Should shorter people be allowed umbrellas?

Umbrellas

Source

This may sound an odd question (or possibly worse). But I live in rainy England and am above-average height. And, anyway, answering this question can help us think about different theories of justice.

Distributive justice: how to share out benefits and burdens?

Keeping dry in wet weather is a benefit. Having to take evasive action so you don’t experience an umbrella spike in the ear is a burden – as is an umbrella spike in the ear.

We must also remember that streets, walkways, and paths are shared public spaces. The abandon with which people wave their umbrellas in the confines of their own homes may be no-one else’s business. But in a public place how you use your umbrella can be my business.

The communitarian

Communitarians doubt that there are universal values that can help us settle questions like ours. We live in ‘thick’ moral relationships: if we abstract from these, we cannot properly understand the value of what we care about.

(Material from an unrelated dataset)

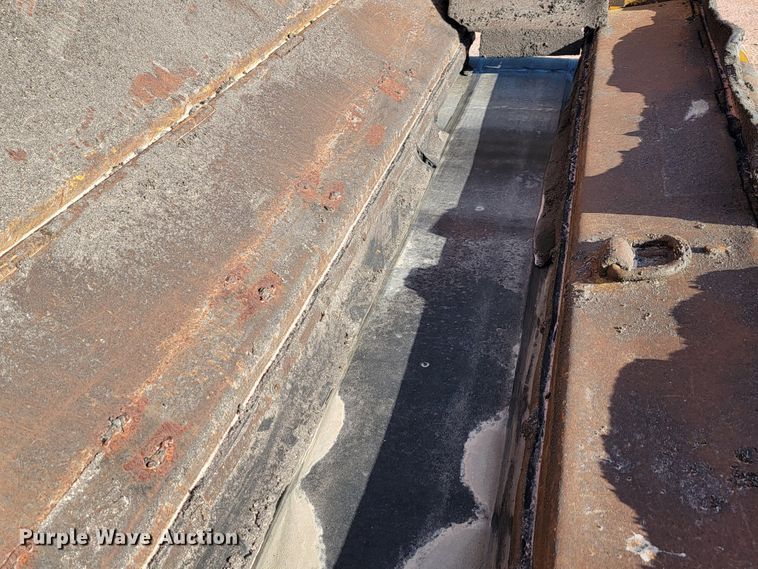 image for item JC9700 1987 Blaw-Knox RW100A  road widener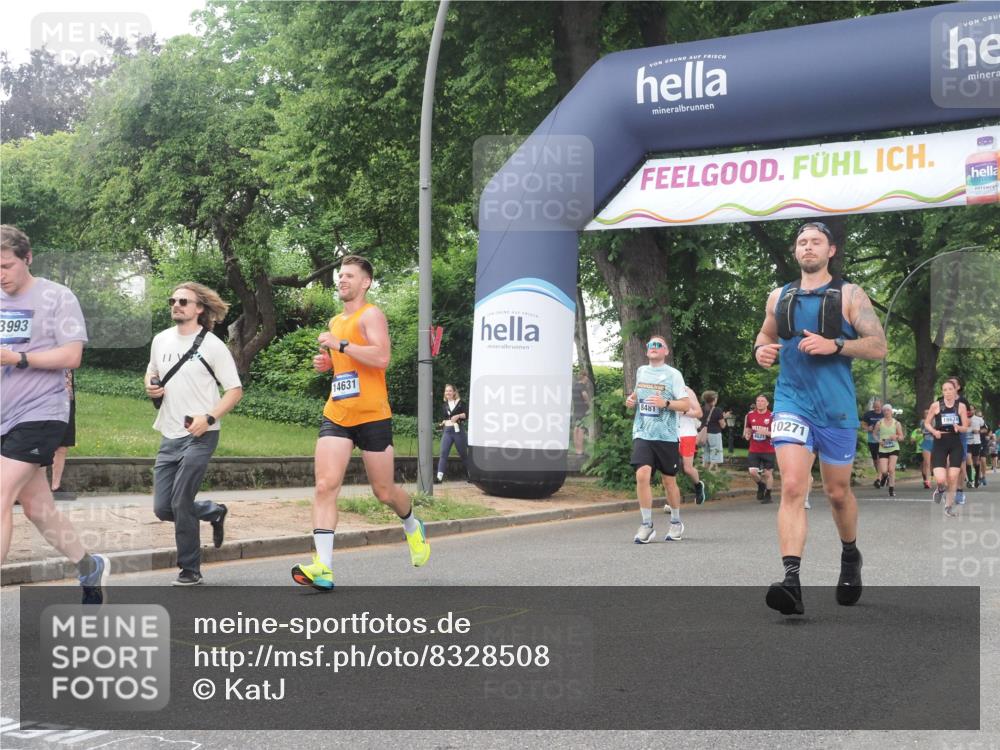 29.06.2025 - hella hamburg halbmarathon KatJ http://msf.ph/oto/8328508 29.06.2025 10:46:49 Zwischen KM18-KM19 3780, 6327, 8481 meine-sportfotos.de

Married life is a good example. Most people care deeply about their own spouse. But if you abstract from the particular history of any couple – their joys, pains and shared experiences – it is hard to make sense of this caring. There is no universal reason why any couple should care about each other.

The same might apply in other contexts. It could be that in some wet country carrying an umbrella is so useful that only the destitute don’t. Not carrying an umbrella may denote inferior status and so constutiute a moral stigma.

In Adam’s Smith’s day, the inability to appear in public in a white linen shirt was one such moral stigma. The implication is this:

whatever damage shorter people might cause by wielding their umbrellas, limiting their umbrella rights would confer inferior status on them – much as banning prisoners from voting does. The difference is that being shorter is no crime.

But does umbrella-carrying carry such thick moral meaning? Not in the UK. But limits could come to imply inferior status. How?

On average, women are shorter than men and countries like the UK have a history of gender injustice. Any rule that picks out only shorter people would disproportionately pick out women.

On this basis we might rule out limiting shorter people’s umbrella rights because it risks perpetuating and exacerbating historic injustice. But this argument would not apply in countries who have a different history.

The utilitarian

Would a world in which shorter and taller people have the same umbrellas lead to greater overall happiness? I have no idea.

While utilitarianism is theoretically simple, the number of factors to be included in the utilitarian calculation can make it practically impossible.

The philosopher’s response is to look at the possible implications of utilitarianism. If utilitarianism can have odd implications, we infer that it is missing something morally important. And, by golly, can utilitarianism have odd implications.

Imagine the simple-minded shorter person who treats his umbrella as an expression of his personality – unfurling it makes him very happy indeed. His happiness might outweigh the pain of ten (a hundred?) stoics who receive his umbrella’s spikes in their faces.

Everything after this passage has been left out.